In our last report we argued that cheap cotton may actually be a lot less plentiful than what statistics lead us to believe, because China has absorbed a lot of excess cotton into its balance sheet and a big chunk of the remaining exportable surplus is located in relatively expensive origins like Australia and Central Asia. Thanks to a depressed NY futures market, the US has been one of the more ‘affordable origins’ recently, which has allowed it to conclude a decent amount of export business over the last couple of weeks.
US export sales for the week of March 15 were once again above expectations at 200’400 running bales for the current marketing year, plus there were another 87’100 running bales sold for August onwards shipment. What’s remarkable apart from the volume sold is that 19 markets participated in the buying, signaling that US cotton is currently one of the more attractive as well as one of the more reliable origins available. Commitments for the current season now amount to 11.9 million statistical bales, whereof 6.4 million have so far been exported.
When we look at the US balance sheet, we have supply at 18.3 million bales (2.6 beginning stocks and 15.7 crop), from which we need to deduct 3.4 million for domestic mill use and 11.9 million bales in export commitments. This leaves theoretically around 3.0 million bales of uncommitted cotton, but since our statistics are based on a snapshot at the end of July, we have to reserve around 0.9 million bales for domestic mills use between August and October and there are probably around 0.5 million bales in export commitments for August onwards that will be supplied from existing stocks. In other words, there are not much more than 1.6 million bales for sale at this point and some of these bales may already be spoken for, because there are still around 1.4 million bales in ‘optional origins’ sales on the books.

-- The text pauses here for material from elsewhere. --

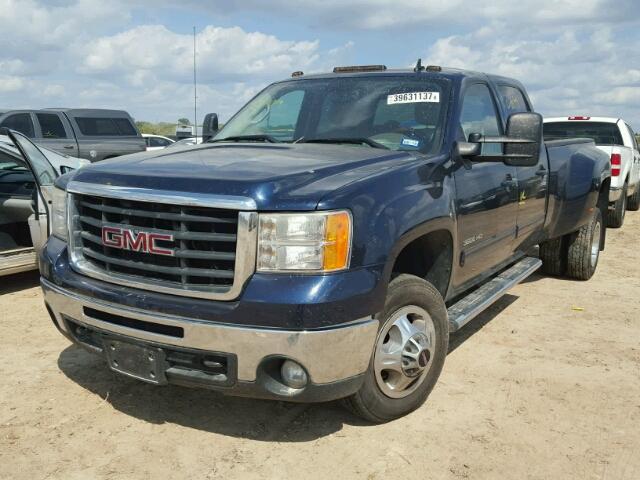 1GT7K4BG8AF108777 - 2010 GMC SIERRA K35 BLUE photo 2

Typically one would expect to see price rationing and a slowdown in activity in a tightening supply situation like this, but what we are witnessing is actually the opposite, as US export sales have been accelerating in recent weeks and prices have been trending lower due to a bearish outlook for new crop. There is no incentive for anyone who is holding cotton to keep sitting on it, because the market offers no carry and the statistical picture for next season is still rather depressing. Therefore, old crop cotton gets pushed out the door as fast as possible, which in turn tightens the remaining supply even further and forces a steeper inversion, thereby creating even more of an incentive to let go of existing stocks.
As the US races towards a sold out position, the futures market could turn into a dangerous bear trap for the many shorts that remain in May and July. Based on our calculation above, the amount of uncommitted US cotton amounts to just 1.6 million or an equivalent of 16’000 contracts, while the open interest in May and July futures amounted to over 139’000 contracts or 13.9 million bales as of this morning. Although we realize that some of these open futures may have offsetting options positions against them, the amount of open interest remains rather high compared to what is left for sale in the US.

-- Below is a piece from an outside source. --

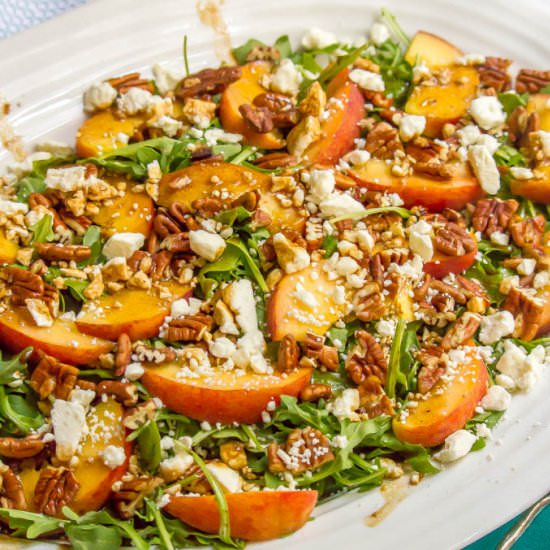 Arugula salad with peaches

So what is this huge short interest in May and July futures against? For one, there are still over 30’000 contracts or 3.0 million bales in unfixed on-call sales on May and July, and merchants hold sold short futures or options against many of them. Then there are basis-long positions in foreign growths, such as Australia, Brazil or various African origins, where a physical long is being ‘protected’ with a short futures or options position. The last category involves speculative short positions, with large specs/hedge funds currently holding the largest short position in over three years, with 8000 contracts in net shorts and 44’000 contracts in outright shorts. Although some of these shorts may belong to December, specs typically play in nearby futures for liquidity reasons.

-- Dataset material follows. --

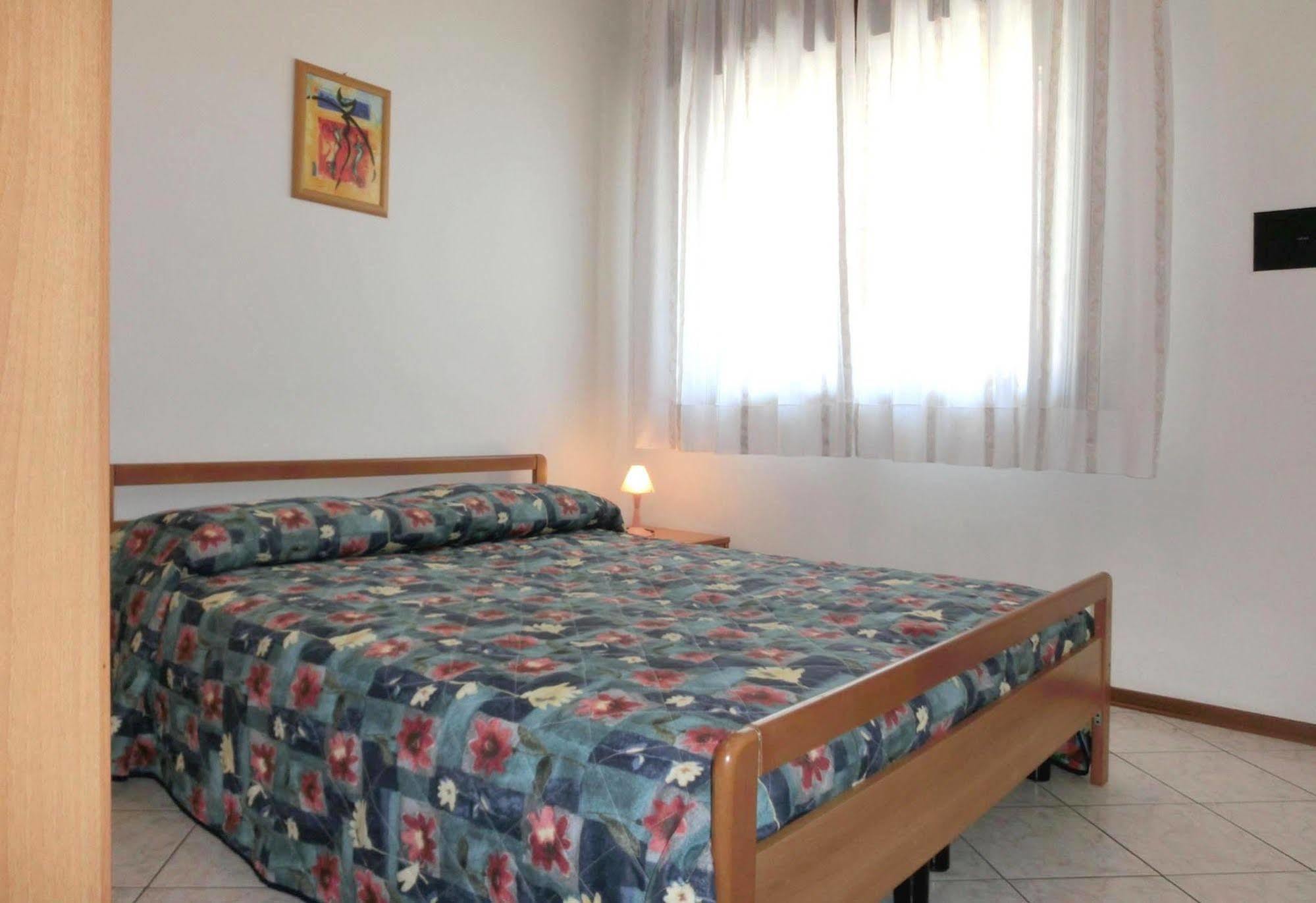 Apartamento Viviana Lignano Sabbiadoro Exterior foto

So where do we go from here? We don’t like the current set-up in the futures market, where the trade and speculators are both leaning towards the short side, while inactive index funds are holding the longs. Since the US is almost sold out, we believe that it won’t take much to spook these shorts into covering their positions in a less than orderly fashion. As we have pointed out last week, we don’t think it is a good idea to be short nearby futures and would advise to do any short hedging in the December contract instead.